The students get up to leave the auditorium for their next class.
The auditorium doors won’t open.
Someone starts shooting.
Told over the span of 54 harrowing minutes from four different perspectives, terror reigns as one student’s calculated revenge turns into the ultimate game of survival.
What’s Marieke’s favorite bit?
When I started writing This Is Where It Ends, I knew I wanted the entire story to take place over the course of fifty-four minutes and follow various different characters. In short, it seemed like an impossible task. Because not only did I have a ridiculously short time frame to play with, several of the characters also happened to be in the same enclosed room. Everything one character did, immediately influenced the others, and vice versa. And even in the few cases where I did not have to relate the events consecutively, there were entire chapters that took place over the course of a minute, and I could only focus on simultaneous happenings for so long without messing up the balance of the story.
It took me all of two chapters to figure out I needed a very clear roadmap for this story. Now I wasn’t too fazed. I plotted stories before. I was convinced I could do this.
The story didn’t quite agree. It sort of maybe fitted one structure but not quite. It needed elements of another. It was to the drawing board and back to the drawing board for me.
Eventually, with the help of Excel, two massive pots of coffee, and the famed example of J.K. Rowling’s Harry Potter spreadsheet, I started creating what turned into my story blueprint: the Massive Spreadsheet of Doom.

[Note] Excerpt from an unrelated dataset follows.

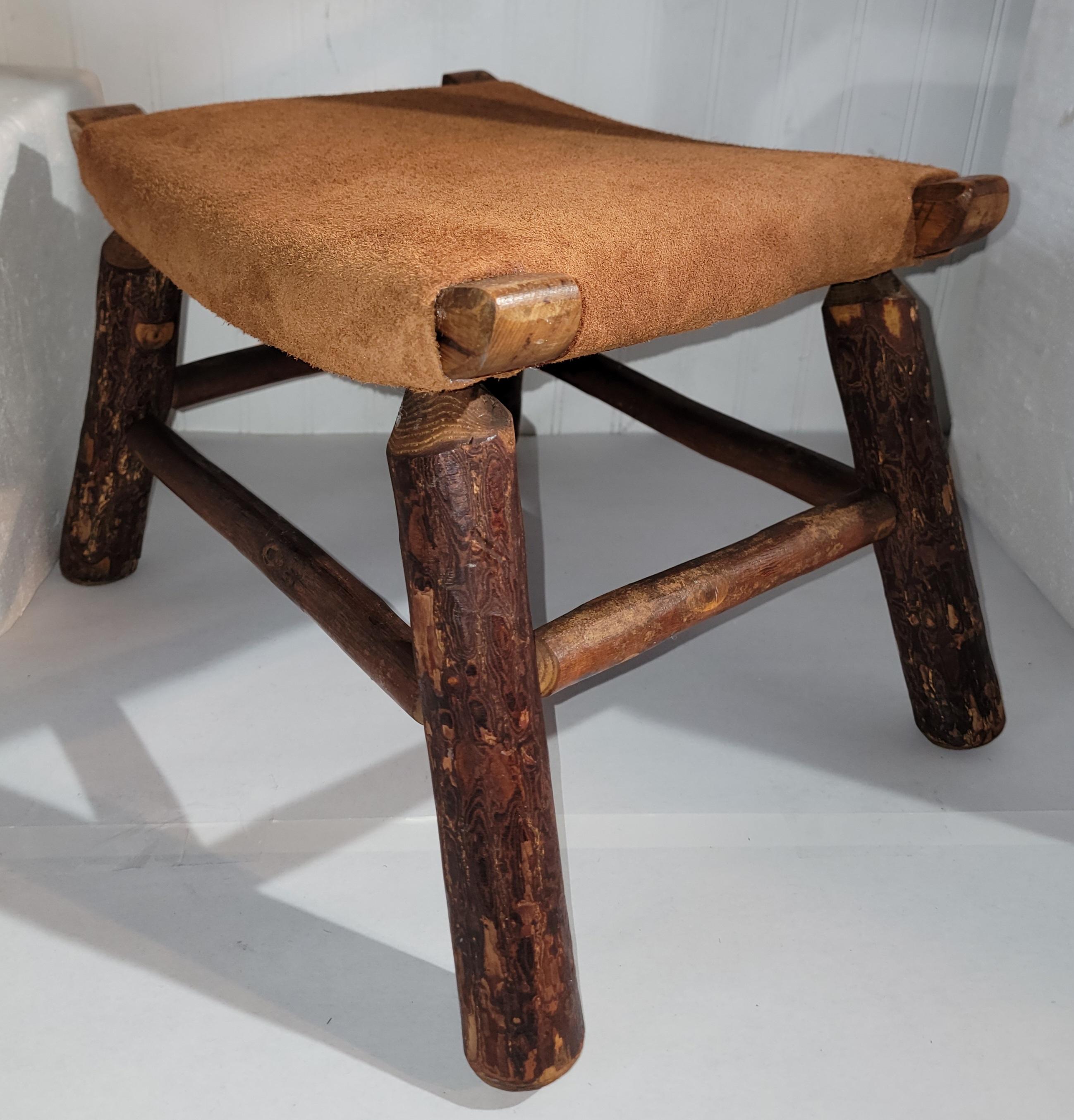 Folk Art Old Hickory Foot Stool W/ Suede Seat For Sale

A spreadsheet that tracked most, if not all on-page characters on a minute-by-minute basis, from shortly before the story started until the very end. I plotted where they were, what they did, how they did or didn’t influence others, and in what order their scenes appeared. The last was color coded, of course.
And there is something about forcing yourself to think through the movements of every character on such a micro level that drove me up a wall while I worked though the spreadsheet… and became such a massive help when I was writing the story. It helped me to see the shape and the balance of the story. Whenever I felt blocked, I only had to refer back to the spreadsheet to get myself back on track. I could play with minor elements without disrupting the overarching narrative. And with every revision, I could color code problem areas to reshuffle, revise, rewrite.
The spreadsheet became the thing I geeked out about most. My favorite bit, and the perfect example of exactly what I hoped to do with the story. Besides that, it became a really cool thing to show to both readers and aspiring authors. I figured it might be the perfect method for someone else too, and it’s inevitably one of the behind-the-scenes things readers ask about first, whenever I’m skyping with schools or libraries.
So of course, when the next story reared its head, I knew I had found the perfect method—my favorite method. Except, as stories are wont to do, this one didn’t quite agree with that format. The perfect structure is the perfect structure for a single story—not for all of them. So it’s to the drawing board again. And here’s to a new favorite blueprint.
Marieke Nijkamp was born and raised in the Netherlands. A lifelong student of stories, language, and ideas, she is more or less proficient in about a dozen languages and holds degrees in philosophy, history, and medieval studies. She is a storyteller, dreamer, globe-trotter, geek. Her debut young adult novel This Is Where It Ends, a contemporary story that follows four teens over the course of the fifty-four minutes of a school shooting, will be published by Sourcebooks Fire in January 2016.